Elon Musk holds the number one position, and this is not just the top spot — it’s a historic leap. The guy is sitting on $726 billion. For context, that’s more than the GDP of many countries. SpaceX, Starlink, Tesla, neurotechnology — he’s involved everywhere, and it all works. No one in modern history has had such a level of personal wealth.
Following him are other tech giants. Larry Page from Google holds second place with $270 billion — Alphabet is just printing money on artificial intelligence. Jeff Bezos is third with $255 billion, with AWS continuing to grow at a rapid pace.
The picture gets interesting further down: Sergey Brin ($251 billion), Larry Ellison ($248 billion), Mark Zuckerberg ($233 billion), Bernard Arnault ($205 billion), Steve Ballmer ($170 billion), Jensen Huang from Nvidia ($156 billion), and Warren Buffett rounds out the top with $151 billion.
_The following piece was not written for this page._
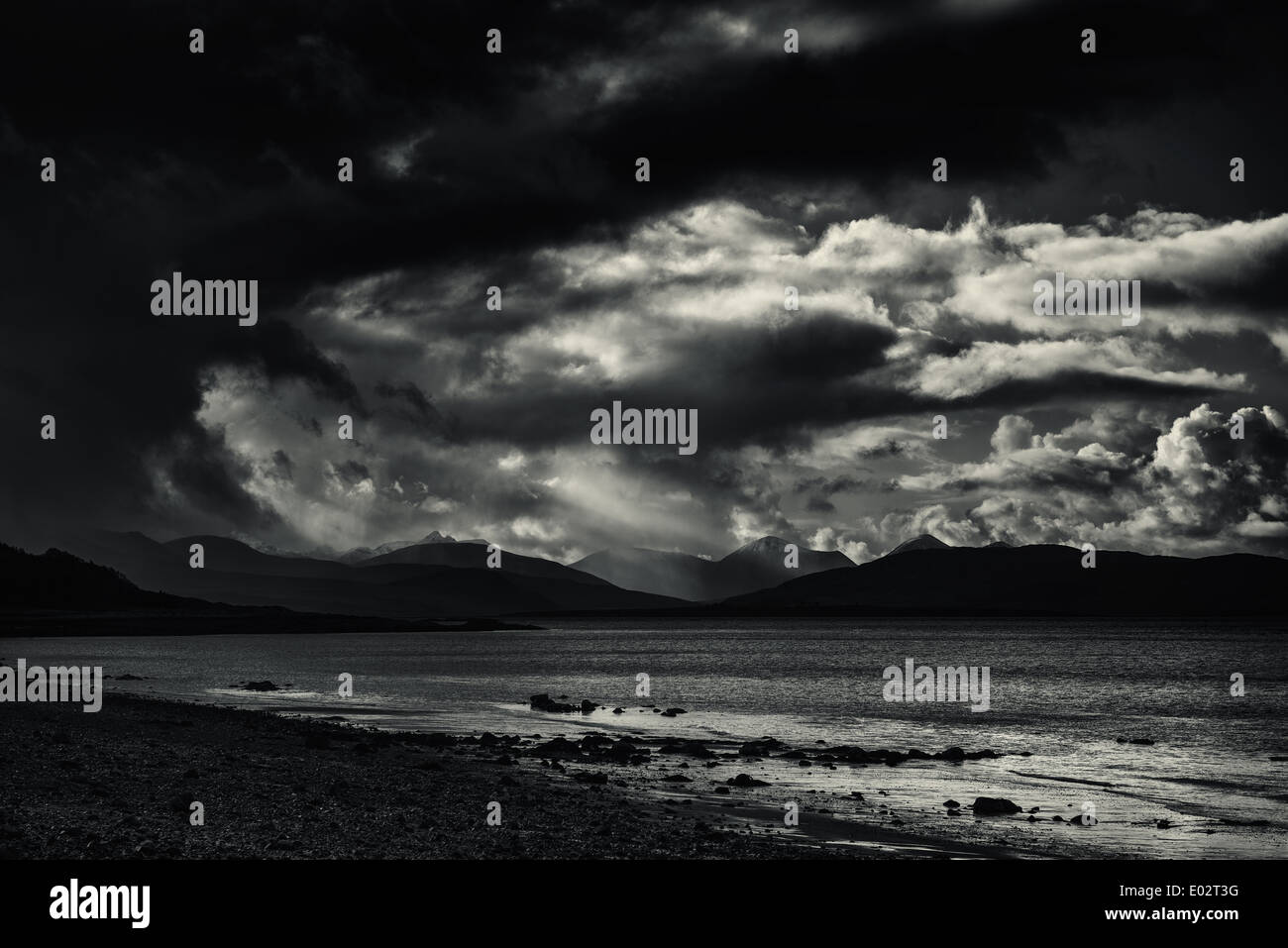 Storm clouds form over the Black Cuillin mountains on the Isle of Skye.Scotland Stock Photo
What’s happening here? First, artificial intelligence has just exploded the valuations of all major tech companies. Cloud computing is also growing exponentially. Second, space and semiconductors are experiencing a boom, and those who invested in them 10-15 years ago are now sitting on gold mines. Third, the US absolutely dominates this list — American tech companies simply have no competitors in terms of valuation.
Interestingly, almost all of these people are founders who hold their shares. These are not managers who received options and sold — these are people who believed in their companies from the very beginning and didn’t sell. That’s what you call a long-term game.